■ Records to use
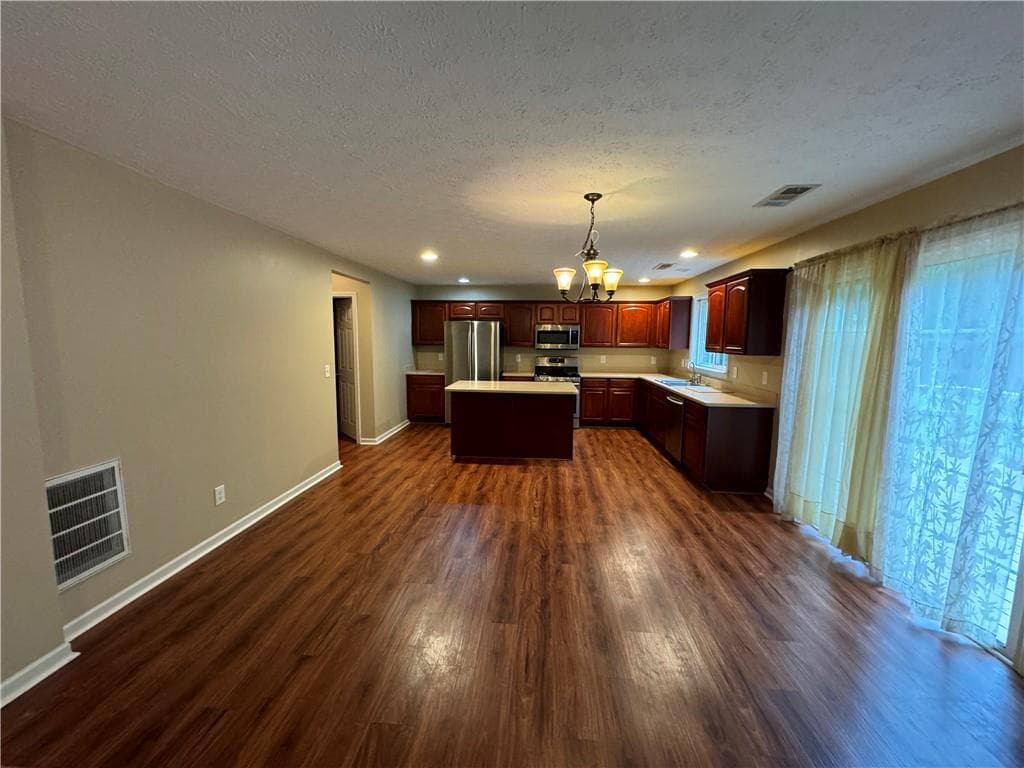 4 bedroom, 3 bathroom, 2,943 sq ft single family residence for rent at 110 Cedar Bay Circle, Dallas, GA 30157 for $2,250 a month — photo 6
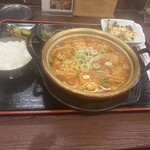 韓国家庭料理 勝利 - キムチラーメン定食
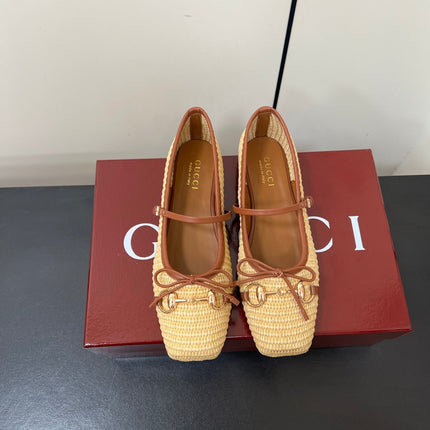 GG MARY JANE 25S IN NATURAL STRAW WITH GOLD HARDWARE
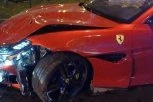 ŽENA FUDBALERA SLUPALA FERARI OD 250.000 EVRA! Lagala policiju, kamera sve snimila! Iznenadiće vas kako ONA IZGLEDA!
--
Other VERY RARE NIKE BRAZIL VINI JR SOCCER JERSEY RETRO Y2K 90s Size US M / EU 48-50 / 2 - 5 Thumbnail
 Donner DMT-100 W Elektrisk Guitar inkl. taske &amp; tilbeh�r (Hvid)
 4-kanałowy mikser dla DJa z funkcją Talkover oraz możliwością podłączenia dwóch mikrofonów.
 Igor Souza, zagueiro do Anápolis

■ Work to be completed
From the line with "4 bedroom, 3" up to and including the line with "ŽENA FUDBALERA SLUPALA" above, retype every line exactly and nothing more; leave out the pictures.

■ Exercise answer
 4 bedroom, 3 bathroom, 2,943 sq ft single family residence for rent at 110 Cedar Bay Circle, Dallas, GA 30157 for $2,250 a month — photo 6
 韓国家庭料理 勝利 - キムチラーメン定食
 GG MARY JANE 25S IN NATURAL STRAW WITH GOLD HARDWARE
 ŽENA FUDBALERA SLUPALA FERARI OD 250.000 EVRA! Lagala policiju, kamera sve snimila! Iznenadiće vas kako ONA IZGLEDA!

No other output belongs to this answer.